# Pawn shop score or not score?



## ranman (Oct 27, 2017)

I think I scored at a pawn shop today. They had a Porter Cable router kit for $69. They had a pair of dial calipers for $22. 
I asked if they would take $50 for the router............. facial expressions told me no ........ so I said "how about $50 if I buy the calipers too"? ($22)
So $72 later I walked out with the router+case calipers+case. 
The router is the same model Porter Cable router that I recently purchased new for $170. 690LR
Unlike the new router I recently bought, this used one has the case, the plunge base, the standard base and a guide plus both collets. That combo is at least $206 from Amazon.
https://www.amazon.com/PORTER-CABLE-693LRPK-Fixed-Router-Plunge/dp/B00006411C

The Chinese calipers can probably be purchased new for $30, but I still think I done good overall. Router has signs of use, but sings like a brand new one and it's American made. I suppose that can tell me about how old it is? I know it's been used a fair amount as the cord is in good condition but the plug end has been replaced. Bearings feel good and tight. 
Now I can leave one router in my router lift permanently instead of switching back and forth, and I have three bases.......... one "pre-owned" standard base to use and abuse. An identical brand nes base to use on more delicate surfaces because it's plastic base is not scratched up, plus a plunge base and a plastic carrying case with all accessories still in it. Both routers have the 1/4" and 1/2" collets
I don't see the PC 690 being bragged about here a lot, but I like it.
Anyway, felt like a decent deal since the router sounds so nice.


----------



## BrianS (Nov 7, 2004)

Sounds like a good deal to me. I have an older PC 690, and am very pleased with it. I have the plunge base, and the D-handle base with it.


----------



## ranman (Oct 27, 2017)

I had a friend who owned 5 of them, so that's why I bought one. There is one funky looking black plate thingy in the kit. I'm assuming it's a guide but don't know what it's for. It has a U shape on one end and holes for the steel rods to mount to the router. That U shaped end of that plate........ is it a pivot for cutting circles?


----------



## Terry Q (Mar 2, 2017)

I have two porter cable 690 routers. Never had a problem with one, but because it’s a fixed speed router you can’t use it with larger mass bits.
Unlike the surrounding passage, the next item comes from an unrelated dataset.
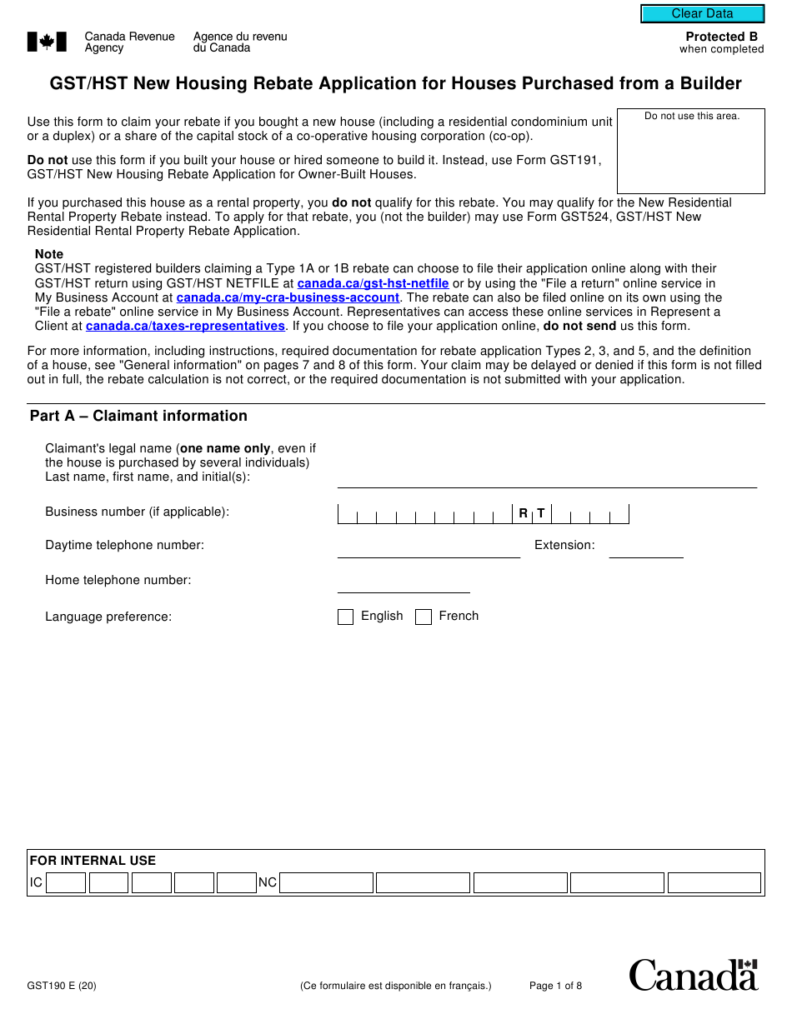 Form GST190 Download Fillable PDF Or Fill Online Gst Hst New Housing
I once tried flush trimming an edge on a thick table top. Went out to buy a flush trim bit that was longer then 1 inch. Ended up with a 3/4 round, 1 1/2 long bit. Chucked it up, turned it on, and chewed the heck out of my table top because I couldn’t control the router. I made the top a little smaller and started over with a variable speed router and had no problem controlling the router. Learned an important lesson that day.

And yes, that is a great score. 


In woodworking there is always more then one way to accomplish something.


----------



## woodknots (Mar 7, 2012)

ranman said:


> I had a friend who owned 5 of them, so that's why I bought one. There is one funky looking black plate thingy in the kit. I'm assuming it's a guide but don't know what it's for. It has a U shape on one end and holes for the steel rods to mount to the router. That U shaped end of that plate........ is it a pivot for cutting circles?


I've had a PC690 for a number of years and always liked it. Sounds like you got a good deal.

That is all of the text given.